- Try it -
Reproduce only the lines that run from the line containing "Two little girl" to the end of the entries below, exactly as they stand.

- Dataset extract -
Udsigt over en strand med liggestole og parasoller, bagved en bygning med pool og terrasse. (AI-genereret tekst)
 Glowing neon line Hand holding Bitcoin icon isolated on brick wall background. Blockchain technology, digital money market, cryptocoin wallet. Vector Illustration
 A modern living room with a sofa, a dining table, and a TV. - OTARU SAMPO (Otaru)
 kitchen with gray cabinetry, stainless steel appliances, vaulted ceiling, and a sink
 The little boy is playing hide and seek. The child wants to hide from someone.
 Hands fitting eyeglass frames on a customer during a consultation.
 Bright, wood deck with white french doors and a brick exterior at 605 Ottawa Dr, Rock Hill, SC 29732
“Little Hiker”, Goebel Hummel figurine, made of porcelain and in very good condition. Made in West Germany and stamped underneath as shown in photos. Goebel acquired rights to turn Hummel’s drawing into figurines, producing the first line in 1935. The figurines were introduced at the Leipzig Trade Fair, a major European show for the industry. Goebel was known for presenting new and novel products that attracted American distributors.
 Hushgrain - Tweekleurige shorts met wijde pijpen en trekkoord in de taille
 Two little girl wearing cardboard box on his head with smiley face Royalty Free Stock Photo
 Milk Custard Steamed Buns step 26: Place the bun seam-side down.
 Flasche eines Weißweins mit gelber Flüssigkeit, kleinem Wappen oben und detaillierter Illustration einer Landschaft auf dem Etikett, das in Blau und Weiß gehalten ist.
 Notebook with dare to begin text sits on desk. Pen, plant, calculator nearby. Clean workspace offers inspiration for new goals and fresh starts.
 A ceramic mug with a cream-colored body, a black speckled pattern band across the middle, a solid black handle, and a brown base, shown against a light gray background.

- Answer for the task -
 Two little girl wearing cardboard box on his head with smiley face Royalty Free Stock Photo
 Milk Custard Steamed Buns step 26: Place the bun seam-side down.
 Flasche eines Weißweins mit gelber Flüssigkeit, kleinem Wappen oben und detaillierter Illustration einer Landschaft auf dem Etikett, das in Blau und Weiß gehalten ist.
 Notebook with dare to begin text sits on desk. Pen, plant, calculator nearby. Clean workspace offers inspiration for new goals and fresh starts.
 A ceramic mug with a cream-colored body, a black speckled pattern band across the middle, a solid black handle, and a brown base, shown against a light gray background.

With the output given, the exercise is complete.